Between sets of arm curls, Nahum walks over to me and says, “You’re familiar with the disagreement between Rav and Shmuel about the way the Seder should begin?”

Nahum doesn’t look like the kind who works on his biceps—he’s a slender guy in his mid-thirties who wears a black kipah and glasses. He resembles a teacher at a religious high school here in Jerusalem, which in fact he is.

But Nahum, like me, is a regular at the small weight room at the Jerusalem Pool on Emek Refa’im Street.
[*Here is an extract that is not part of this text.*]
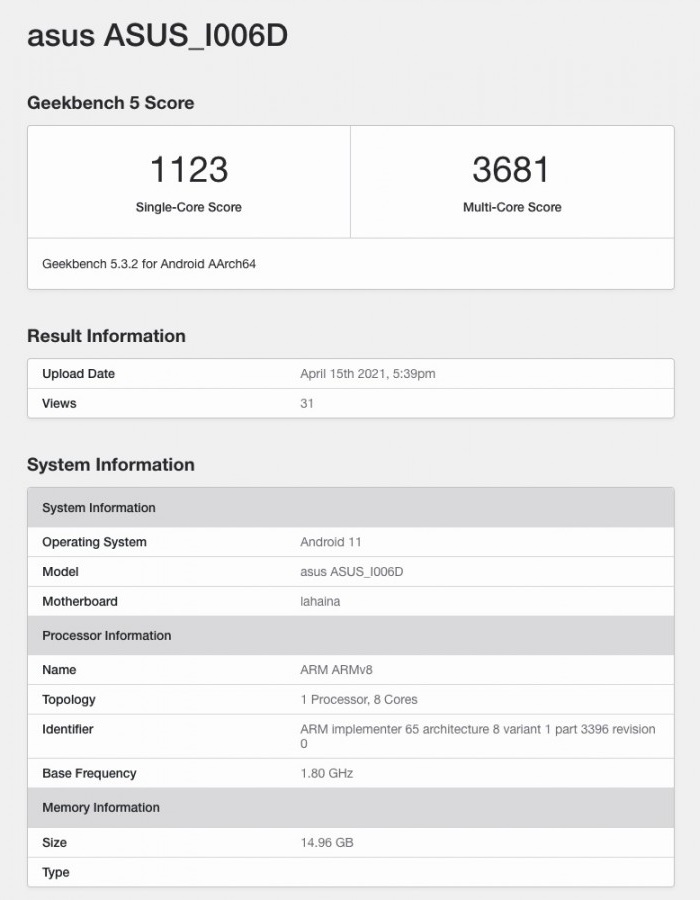 （来自：Geekbench）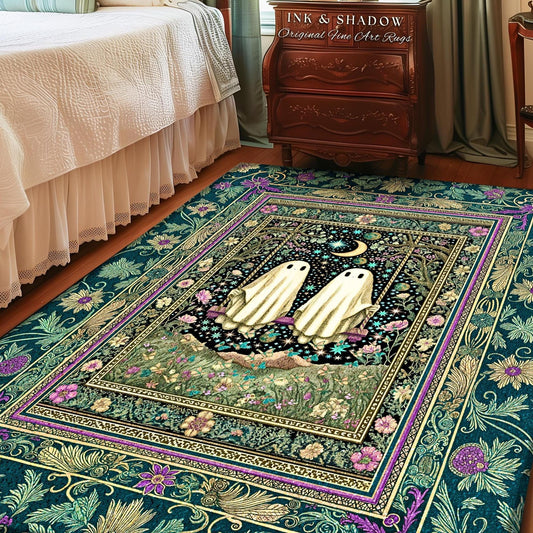 Cute Ghost Friends Area Rug | Moonlit Spirits Floral Forestcore Accent Autumn Gothic Spirit Decor Celestial Botanical Witchcore Aesthetic |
We get a diverse crowd—men and women, jocks and schoolteachers, retired people and teenagers, Jews and Arabs, religious and non-religious; there’s even a macho ultra-Orthodox guy who lets out whoops when he lifts—but I’ll save him for another story.

The conversation, like the crowd, can come from all directions. Nahum is referring to the two leading Babylonian rabbis of the third century CE, whose disputes form part of the first layer of the Gemara, the Talmudic discussions of the laws laid down in the earlier Mishna. The Torah commands the Jews to retell the story of the Exodus from Egypt at a discussion-meal conducted by families on the first night of Pesach (Passover). Rav and Shmuel disagreed on how to begin telling the story, and their disagreement is recorded in the Haggadah, the book forms the framework of the Seder night.